What to work on:
From the records below, output exactly the lines starting at the line with "Beige button-down shirt" and ending at the line with "Handshake between two", both of them included, but no pictures.
Materials provided: Begin
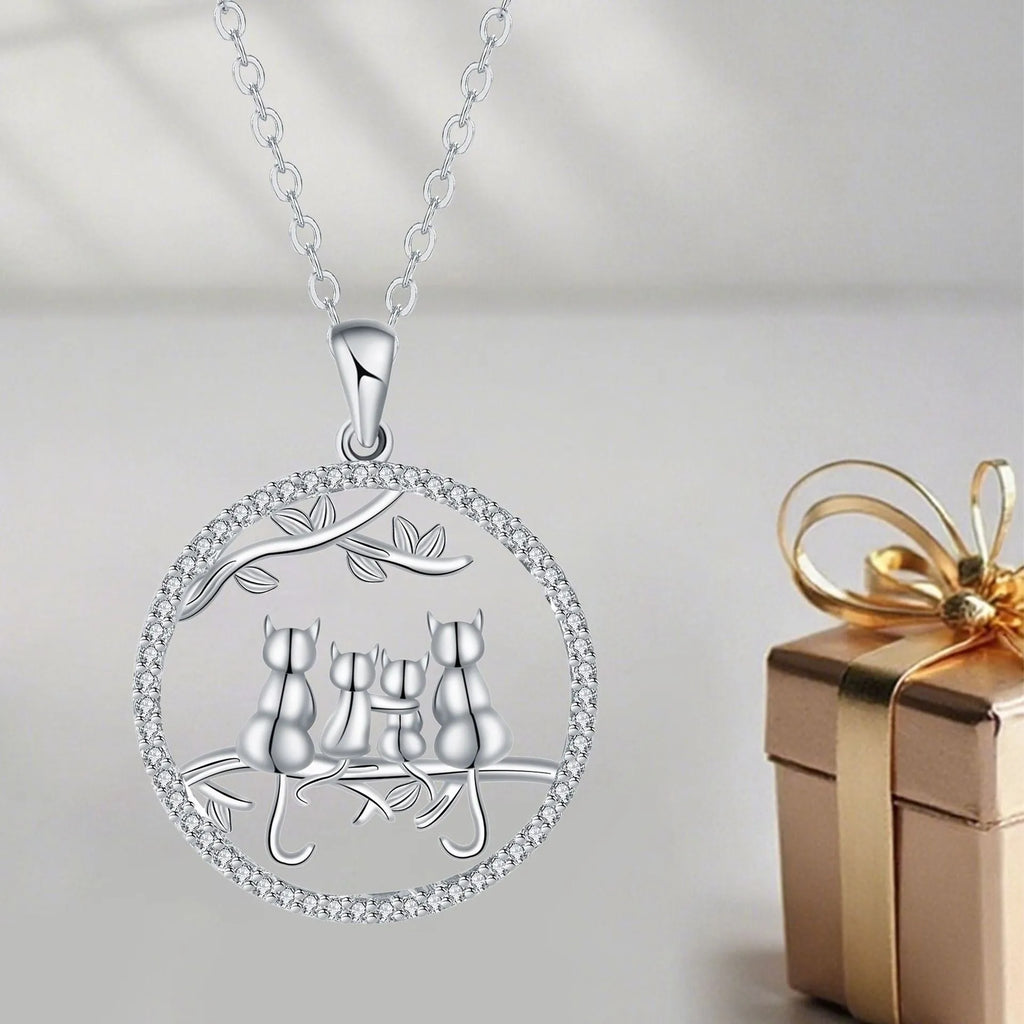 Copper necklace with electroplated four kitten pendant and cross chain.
Materials provided: End
Materials provided: Begin
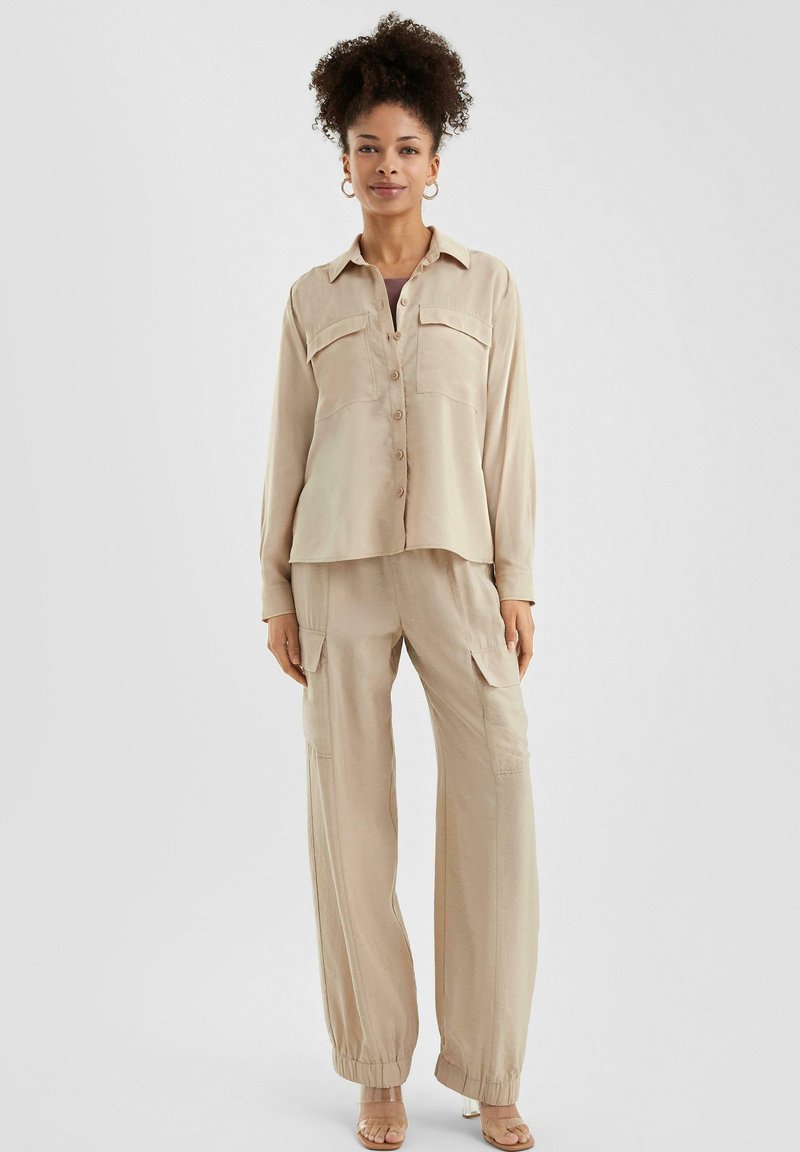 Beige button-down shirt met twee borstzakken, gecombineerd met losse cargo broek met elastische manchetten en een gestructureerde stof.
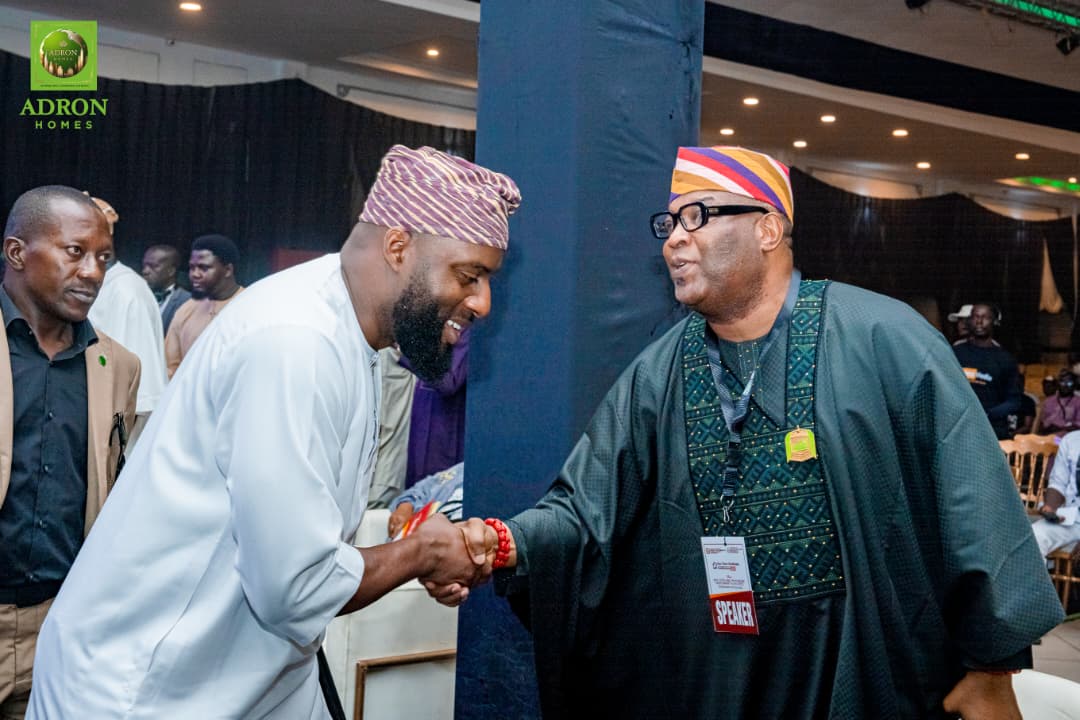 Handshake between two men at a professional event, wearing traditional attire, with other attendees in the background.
Materials provided: End
Answer to the exercise:
 Beige button-down shirt met twee borstzakken, gecombineerd met losse cargo broek met elastische manchetten en een gestructureerde stof.
 Handshake between two men at a professional event, wearing traditional attire, with other attendees in the background.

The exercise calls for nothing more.